YOUR ASSIGNMENT
Only the lines from the one containing "Chausson Etape Line" to the end of the data below belong in the answer, each repeated exactly; no pictures.

====================

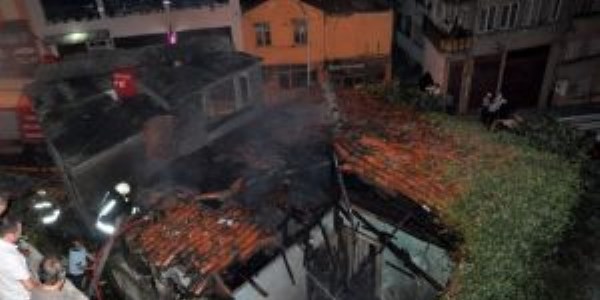 Giresun'da metruk bina kül oldu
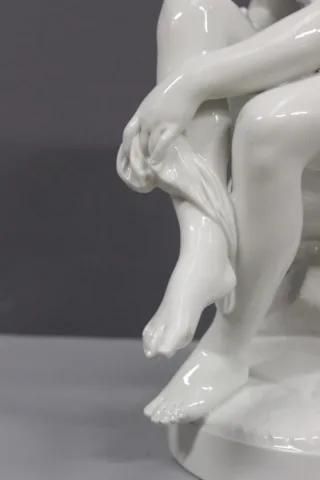 ESTATUILLA DE PORCELANA DE VENUS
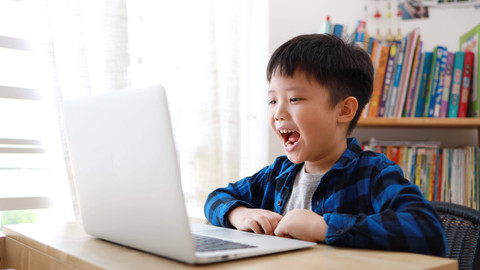 Ilustrasi anak melakukan video call. Foto: TY Lim/Shutterstock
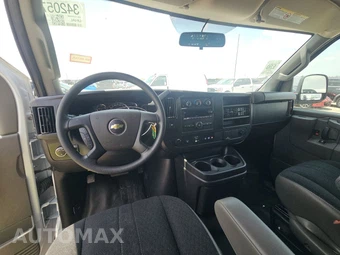 2025 Chevrolet Express 2500 Cargo Van 1WT 135.0" WB - miniatura 11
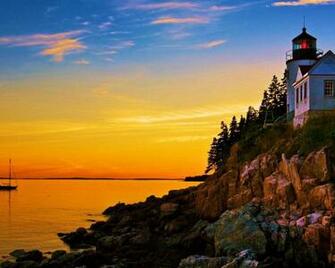 Bass Harbor Light Acadia National Park Hq Wallpaper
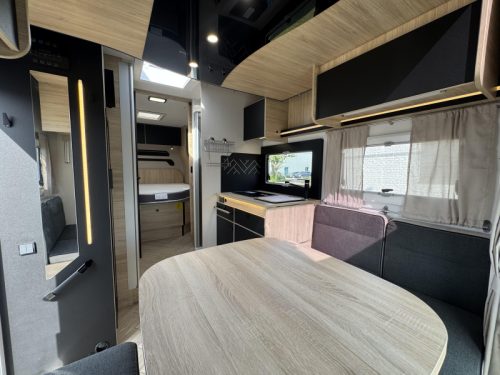 Chausson Etape Line 788 Transverse bed pop-top roof photo: 23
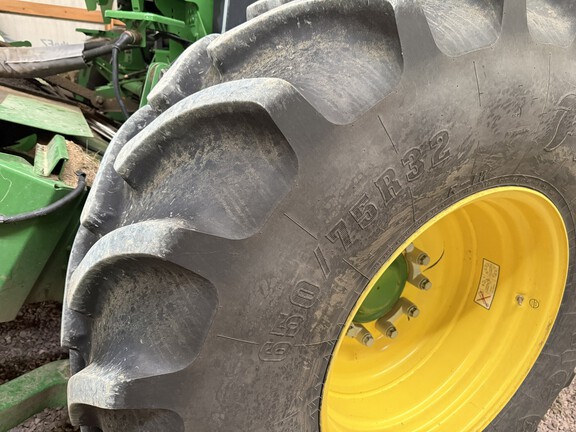 2024 John Deere W235R - Photo6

====================

RESPONSE TO THE TASK
 Chausson Etape Line 788 Transverse bed pop-top roof photo: 23
 2024 John Deere W235R - Photo6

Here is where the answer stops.